Installation via Helm

Ververica platform installations support custom configurations via a values.yaml file. Let's create one and add the details about our namespaces:


rbac: ## Additional namespaces that the created ServiceAccount can access.
 additionalNamespaces:
 - vvp-target-testing

With Helm 3.0, we do not even need a Tiller component any more but rather we simply install Ververica Platform and wait until the vvp-ververica-platform-* pod and all its containers have been started:


$ helm install vvp ververica-platform-2.0.2.tgz \    --namespace vvp \    --values values.yaml
$ helm list --namespace vvp
$ kubectl get pods --namespace vvp

For the full list of options for your values.yaml file, you can extract all values with helm using helm inspect values ververica-platform-2.0.2.tgz.

Accessing the Web UI

To access the Web UI of Ververica Platform, you can create a port-forward to the service it exposes. The following command exposes the Web UI at http://localhost:8080. You can refer to the official vvP Documentation for all the different ways you can enable access to this service.

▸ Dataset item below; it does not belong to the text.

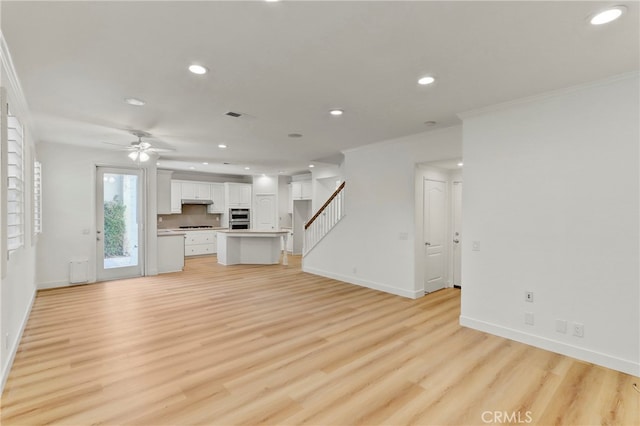 unfurnished living room with ceiling fan, crown molding, and light hardwood / wood-style floors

kubectl port-forward --namespace vvp service/vvp-ververica-platform 8080:80

Ververica Platform, Azure Kubernetes Service, stream processing, Microsoft Azure, Apache Flink

Before we can start with deploying Flink applications, we need to create a Deployment Target (1) that corresponds to our vvp-target-testing Kubernetes namespace:

Deployment Target Name: vvp-target-testing
Kubernetes Namespace: vvp-target-testing

Deploying your First Flink Application

The core concept of Ververica Platform is a Deployment, an abstraction around your application incorporating all Flink jobs throughout its whole lifecycle, i.e. after re-configurations, upgrades, etc. Create your first deployment (2) based on the TopSpeedWindowing example hosted on Maven Central:

Fill the Deployment creation form with the following values (leave the rest with the defaults):

Name: TopSpeedWindowing
Deployment Target: vvp-target-testing
Jar URI: https://repo1.maven.org/maven2/org/apache/flink/flink-examples-streaming_2.11/1.9.1/flink-examples-streaming_2.11-1.9.1-TopSpeedWindowing.jar

After creating the deployment, you can go ahead and start it (3). You should see the state changing to Transitioning (4) and if you click into the Events tab (5), you will see what actions vvP took to get from the previous state (CANCELLED) to the desired state (RUNNING), i.e. launching a Flink cluster with the desired configuration and job and waiting for it to become ready.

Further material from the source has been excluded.